- [RECORDED INFORMATION]:
+ + + +

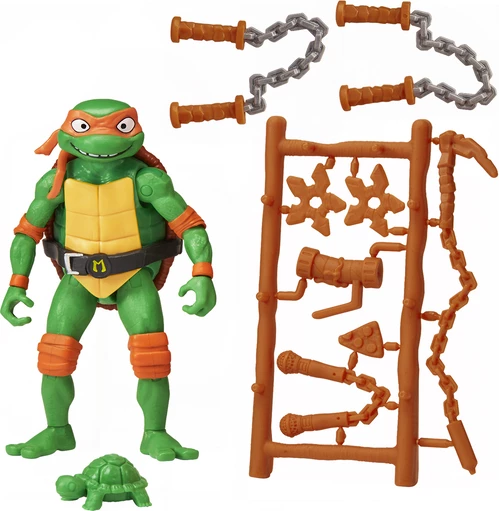 Teenage Mutant Ninja Turtles Mutant Mayhem - Figura e Michelangelo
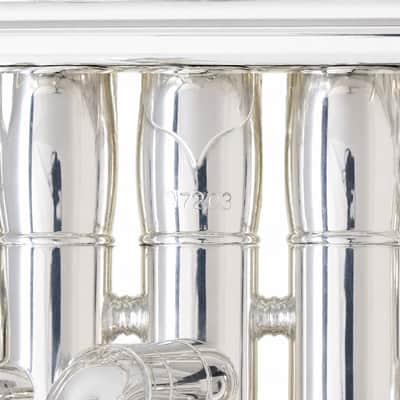 S.E. Shires Q10RS Q-Series Professional Bb Trumpet in Silver Plate SN Q7203 image 13
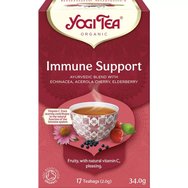 Yogi Tea Immune Support Ayurvedic Blend 17 Пакетчета чай (17 Пликове x 1.8g) - Имуностимулиращ чай с горски плодове, ехинацея и босилек Yogi Tea Immune Support Ayurvedic Blend 17 Пакетчета чай (17 Пликове x 1.8g) - Имуностимулиращ чай с горски плодове, ехинацея и босилек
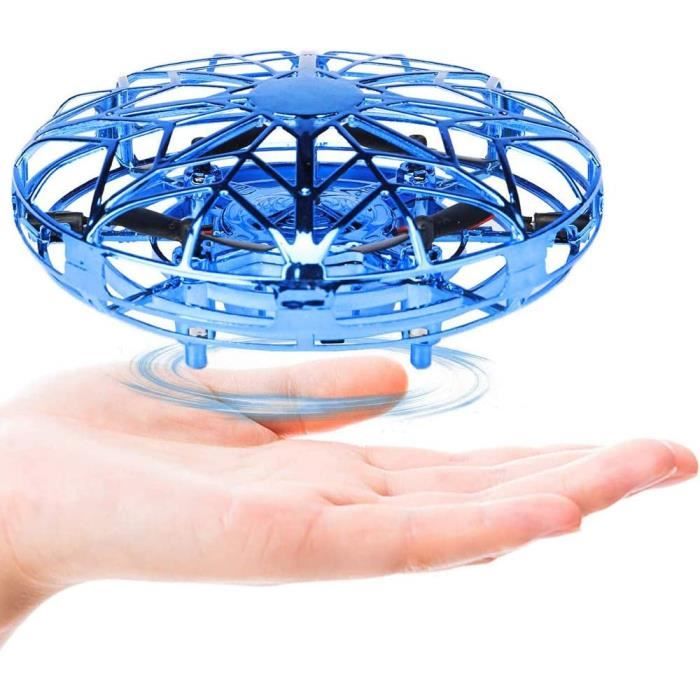 Rechargeable Indoor Outdoor Drones Flying Ball Cadeaux pour Enfants Garçons Filles Quadcopter Infrarouge Induction Aircraft Toy Hand Control avec LED Light Lunriwis UFO Mini Drone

+ + + +

- [WHAT THE TASK REQUIRES]: Everything from the line containing "S.E. Shires Q10RS" to the final line of the listing above, both ends included, should be transcribed word for word, except for the pictures.

- [THE COMPLETED TASK]:
 S.E. Shires Q10RS Q-Series Professional Bb Trumpet in Silver Plate SN Q7203 image 13
 Yogi Tea Immune Support Ayurvedic Blend 17 Пакетчета чай (17 Пликове x 1.8g) - Имуностимулиращ чай с горски плодове, ехинацея и босилек Yogi Tea Immune Support Ayurvedic Blend 17 Пакетчета чай (17 Пликове x 1.8g) - Имуностимулиращ чай с горски плодове, ехинацея и босилек
 Rechargeable Indoor Outdoor Drones Flying Ball Cadeaux pour Enfants Garçons Filles Quadcopter Infrarouge Induction Aircraft Toy Hand Control avec LED Light Lunriwis UFO Mini Drone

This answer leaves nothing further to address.